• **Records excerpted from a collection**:
##############################

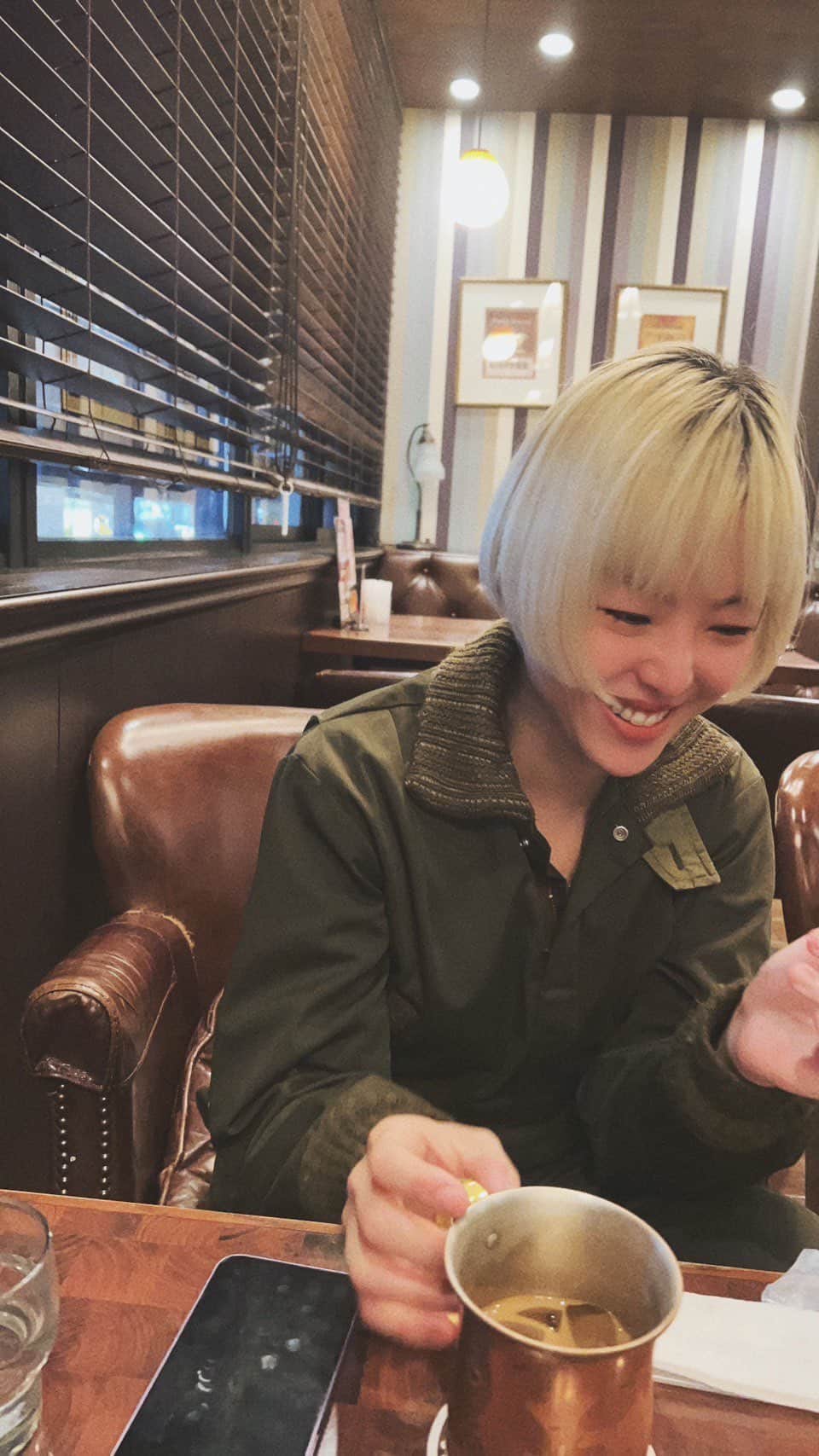 五十鈴ココのインスタグラム：「例えば　僕の1番大切なものを 君に馬鹿にされたとしても  きっと笑って誤魔化してしまう  もっと怒りなよ 泣いたっていいんだよ  失うものなどない奴なんていない  守れ　僕自身を  もう自分の気持ちに嘘ついて 苦し紛れに笑うなよ」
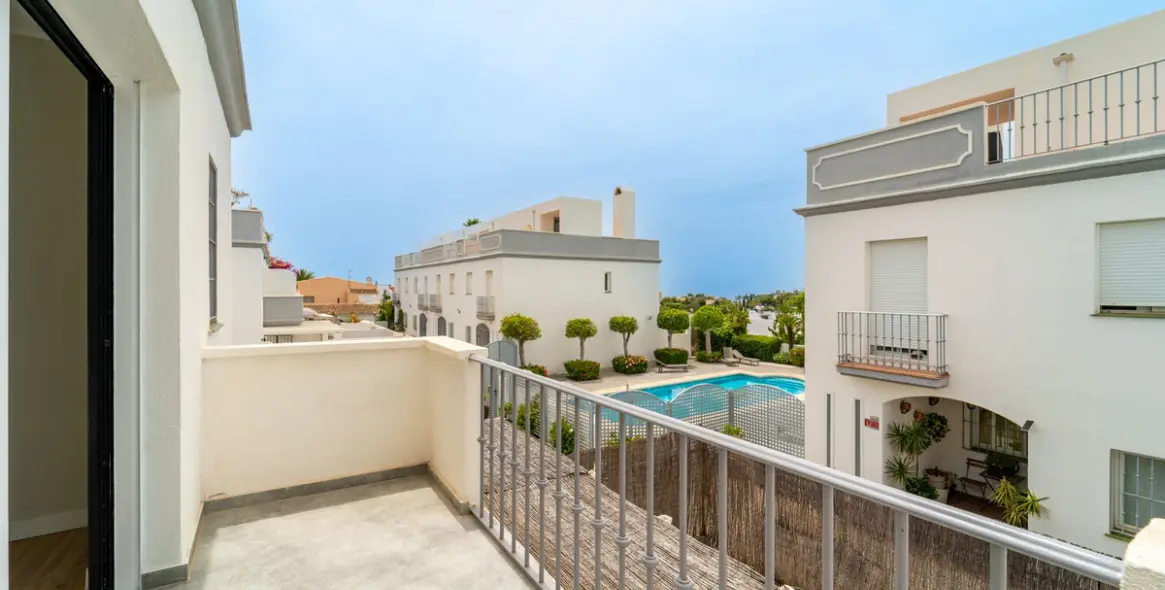 Sale of townhouse in Estepona 18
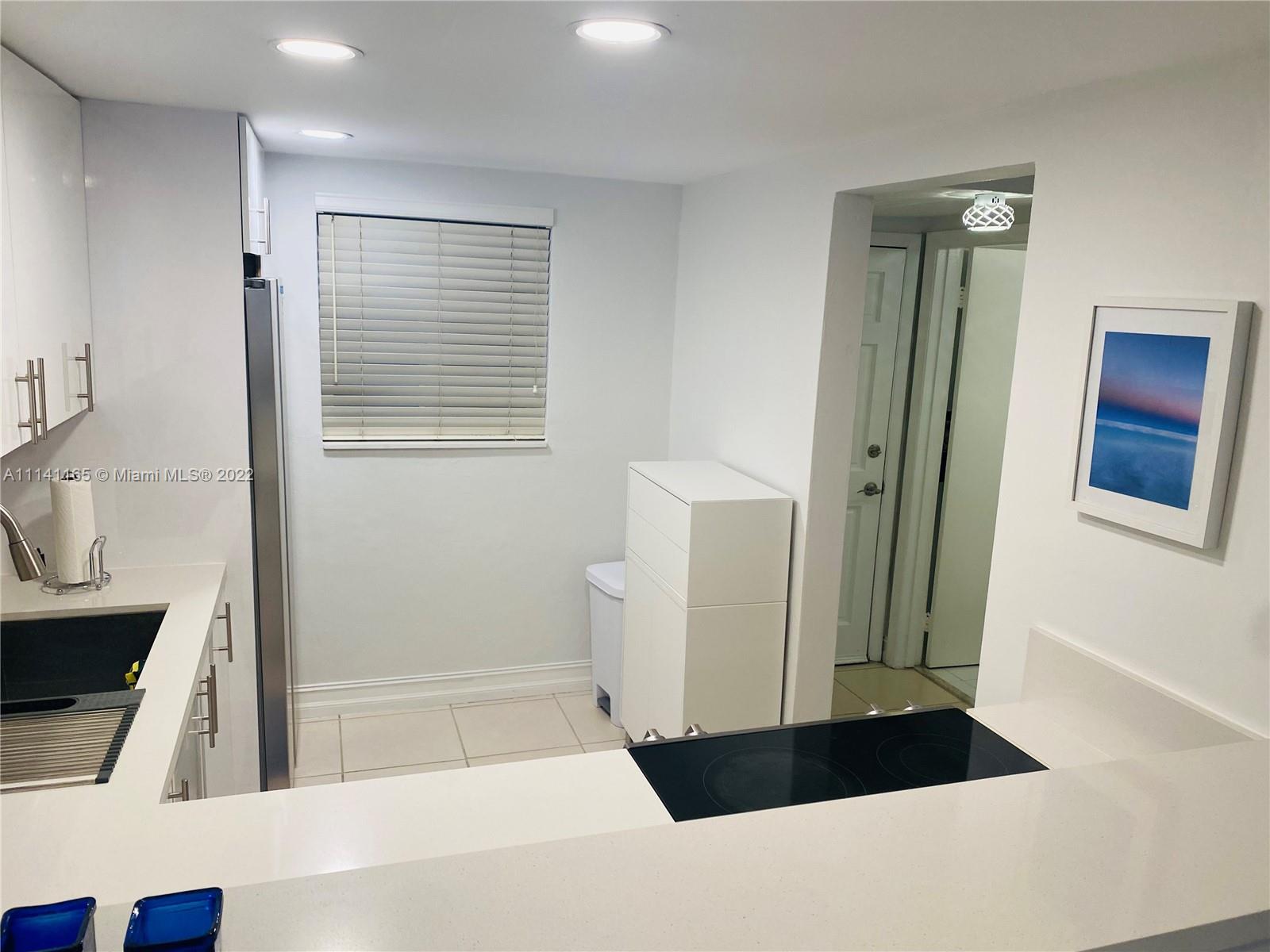 KEY BISCAYNE VI CONDO - Residential Lease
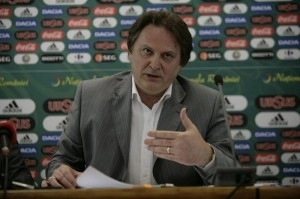 nu-e-de-gluma-cu-licentierea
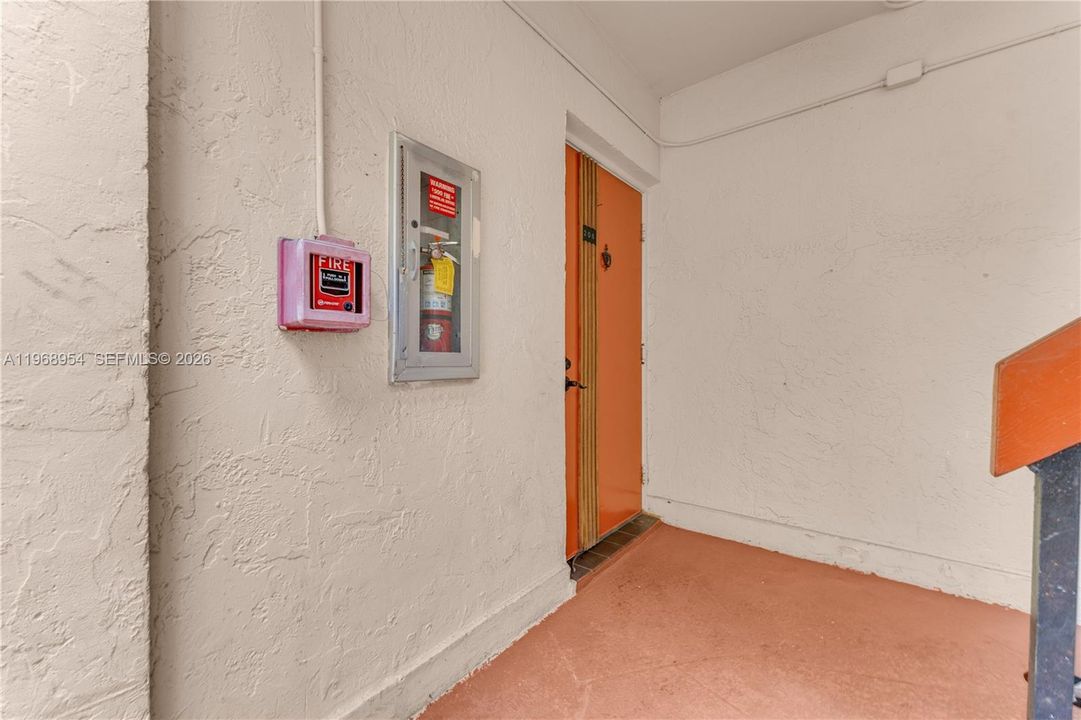 合同活跃: $315,000 (2 贝兹, 2 浴室, 1055 平方英尺)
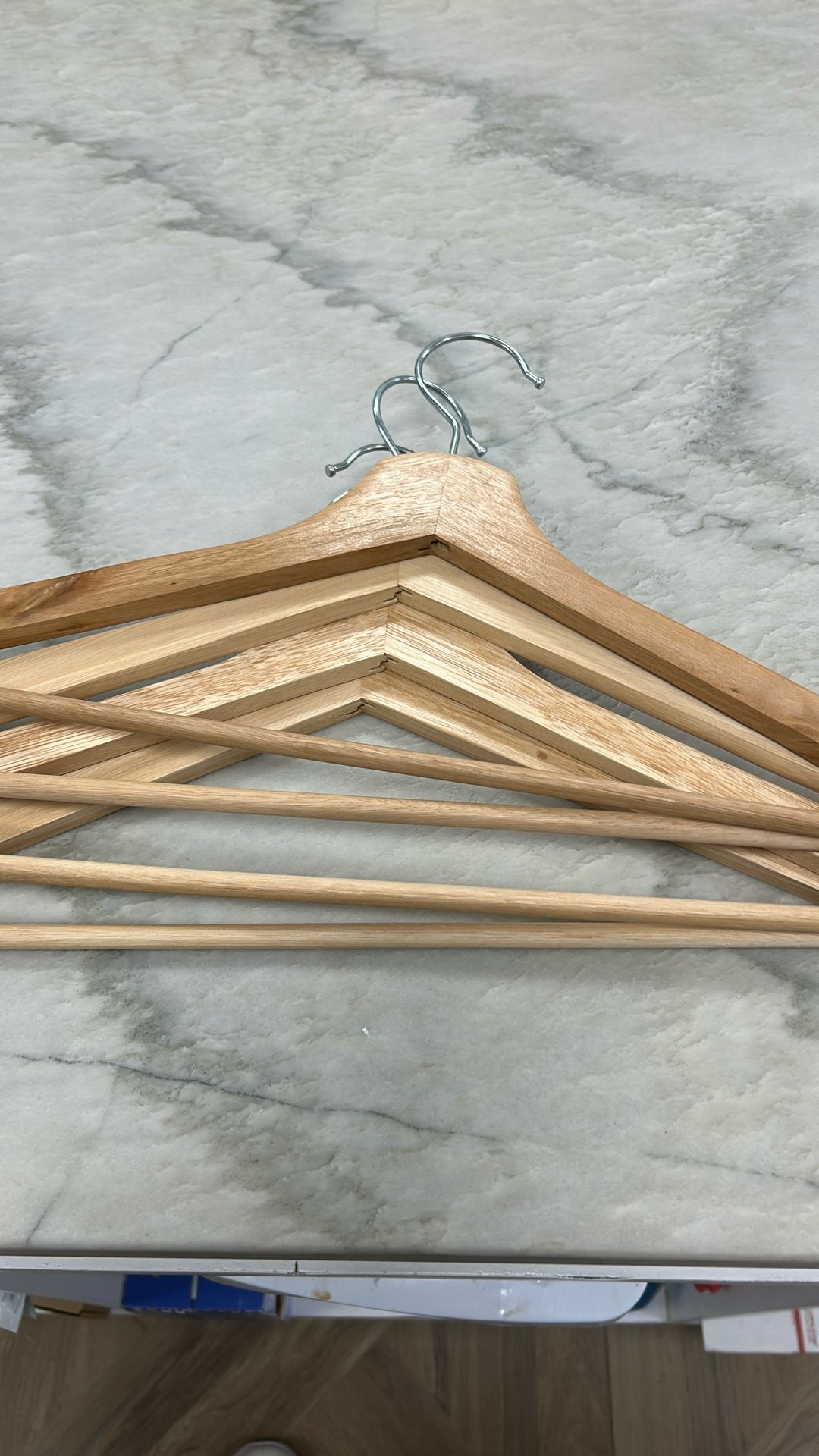 100 Wooden Hangers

##############################

• **ASSIGNED TASK**: Copy nothing outside the span: please output the lines from the one with "合同活跃: $315,000 (2 贝兹, 2 浴室, 1055 平方英尺)" through the end of the entries above, and skip the pictures.

• **SOLVED EXERCISE**:
 合同活跃: $315,000 (2 贝兹, 2 浴室, 1055 平方英尺)
 100 Wooden Hangers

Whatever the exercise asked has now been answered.